== TO DO ==
Please repeat the records exactly. The pictures are to be left out.

== DATA UNDER STUDY ==
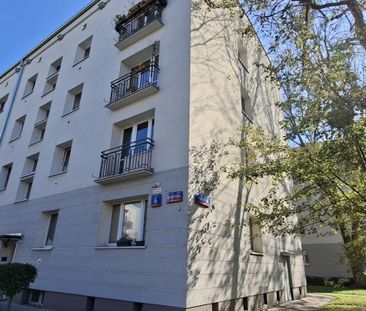 mazowieckie, Warszawa, Praga-Południe, Saska Kępa, Angorska - Photo 6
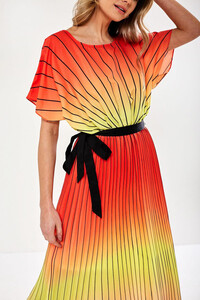 sunset_pleat_dress-4.jpg
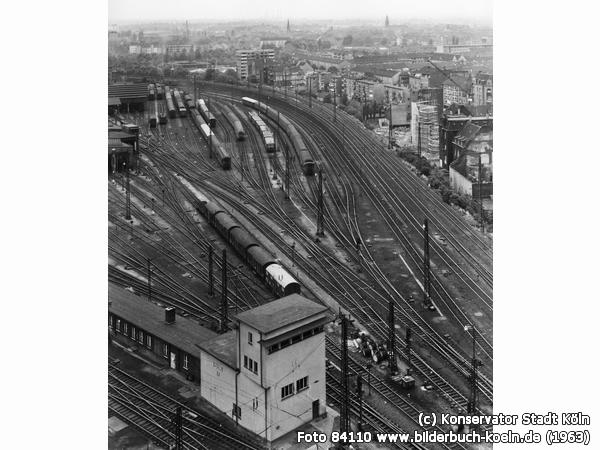 köln_neustadt_nord_bahnhof_gereon_eisenbahnring_denkmalpflege_stadt_denkmal_historisch_konservator_9f8284110_600x450xfr.jpg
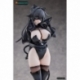 K Pring Original Character Statue 1/6 Cat Woman Happy-chan 27 cm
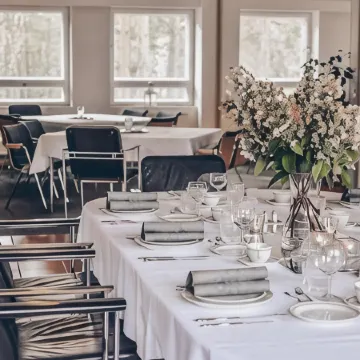 Hotel Kiljava
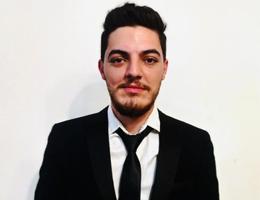 Agent Avatar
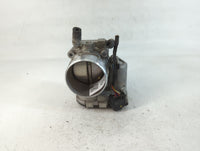 2016-2020 Kia Sorento Throttle Body P/N:35100-2G600 Fits Fits 2015 2016 2017 2018 2019 2020 2021 OEM Used Auto Parts - Oemus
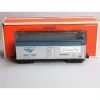 Lionel 6-27395 O Gauge Amtrak Express Trak Baggage Boxcar #74248 - Model Train Junction: Quality Parts and Art Supplies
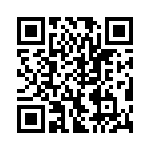 VI-230-IW-B1 QRCode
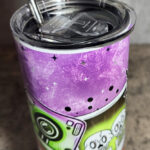 13880-skele-friends-gothic-tumbler-1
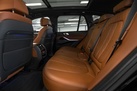 BMW X5 30D 265ZS X-DRIVE M-SPORTPAKET AIR SUSPENSION MASSAGE FUNCTION DRIVING ASSIST HARMAN/KARDON ACTIVE CRUISE PARKING ASSIST HEAD UP 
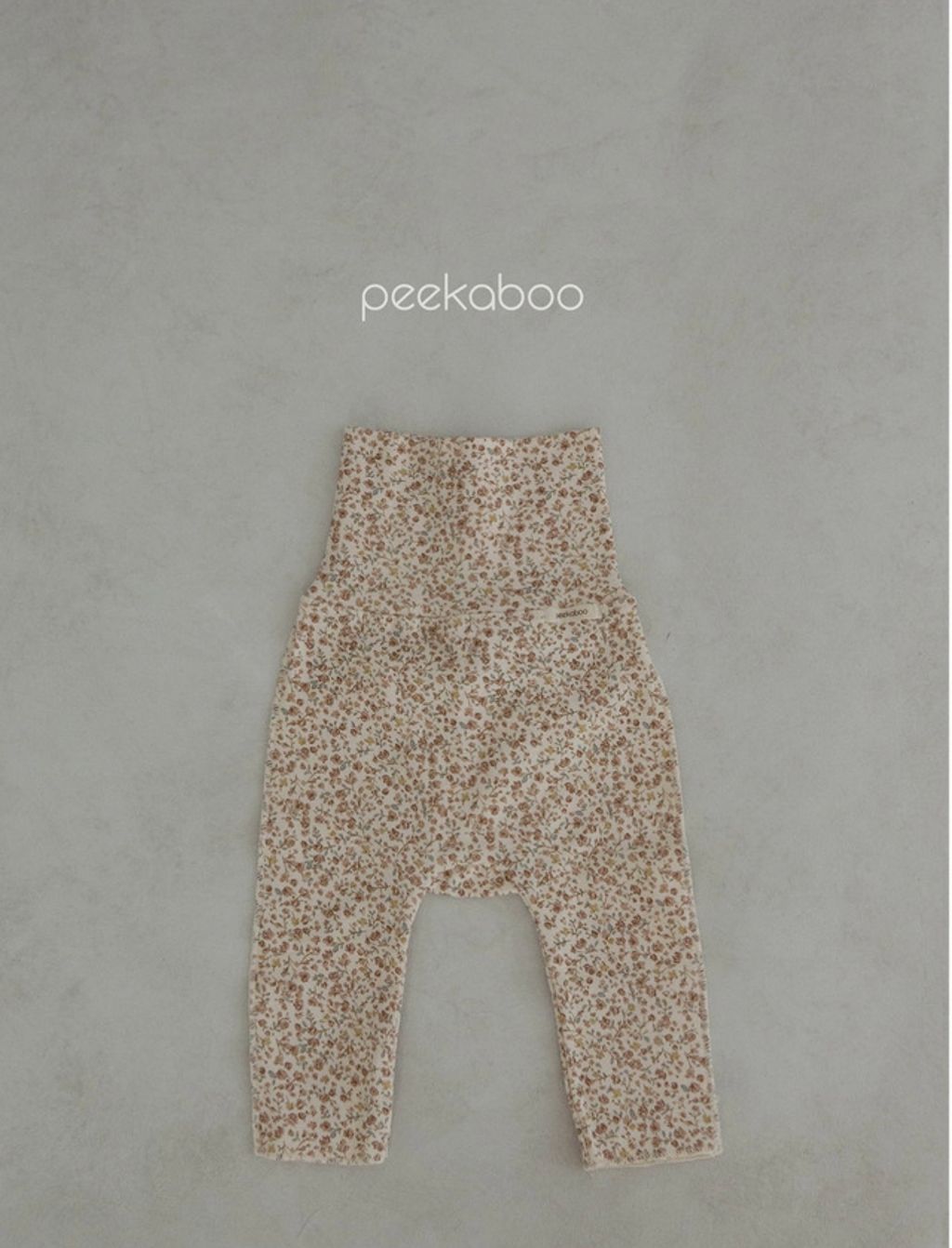 IMG_2156-1728612548528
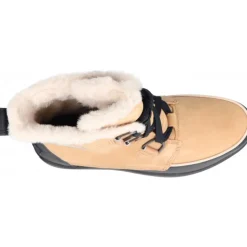 Bottines*Sorel Torino II WP Curry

== WRITTEN REPLY ==
 mazowieckie, Warszawa, Praga-Południe, Saska Kępa, Angorska - Photo 6
 sunset_pleat_dress-4.jpg
 köln_neustadt_nord_bahnhof_gereon_eisenbahnring_denkmalpflege_stadt_denkmal_historisch_konservator_9f8284110_600x450xfr.jpg
 K Pring Original Character Statue 1/6 Cat Woman Happy-chan 27 cm
 Hotel Kiljava
 Agent Avatar
 2016-2020 Kia Sorento Throttle Body P/N:35100-2G600 Fits Fits 2015 2016 2017 2018 2019 2020 2021 OEM Used Auto Parts - Oemus
 Lionel 6-27395 O Gauge Amtrak Express Trak Baggage Boxcar #74248 - Model Train Junction: Quality Parts and Art Supplies
 VI-230-IW-B1 QRCode
 13880-skele-friends-gothic-tumbler-1
 BMW X5 30D 265ZS X-DRIVE M-SPORTPAKET AIR SUSPENSION MASSAGE FUNCTION DRIVING ASSIST HARMAN/KARDON ACTIVE CRUISE PARKING ASSIST HEAD UP 
 IMG_2156-1728612548528
 Bottines*Sorel Torino II WP Curry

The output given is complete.